My kid took this photo of me, which I naturally wanted to delete because it’s not very flattering, mostly in its accuracy. Oh well. That’s what showing up means, too. He’s used to this being the way I look, and loving me anyway. I just don’t see myself in the mirror often, so it’s more shocking and challenging to me.

I was kind of surprised when I read Austin Kleon’s list about his grandmother, that it elicited those comments from people – “wow, how well you knew her” – because I thought, he only saw a few surface things. I wonder who that woman really was. What made her tick. I wonder what list I would make about my kid, my partner, my friend… I wonder what list they would make of me. And I realized that, if I want it to read true to who I am, it’s on me, to show them, by showing up, with all my bits and pieces, my shine and my shadows. (And my socks. Hahahaha. You’ve got to watch that video.)
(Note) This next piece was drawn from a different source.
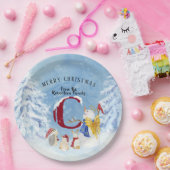 Monogram Letter C Snowy Kerstmis Angel Snowman Papieren Bordje (Feest)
One of the greatest joys of my life is what a kick my kiddo gets out of cracking me up… That for him, working out what makes me laugh until I cry, is satisfying, feels like some kind of magic that I’d like to bottle. It makes me happy that I don’t “mom” like a performance, like I’ve got a role to play and I want to be the best version of Mother possible. I mom in a much messier looser fashion, in which I mostly just show up, no make-up, admitting when I’m tired and cranky, letting myself laugh at the things that are funny, which is exhausting still, but exhausting in its own special way, not exhausting in the way I think that momming might have been for my mom, (and probably most mothers of her generation) who did it all perfectly, with no cracks showing, and nothing ever revealed, and who I have no idea, really, how to make laugh until she almost pees her pants. Which seems, perhaps, like the true measure of really seeing someone. Right?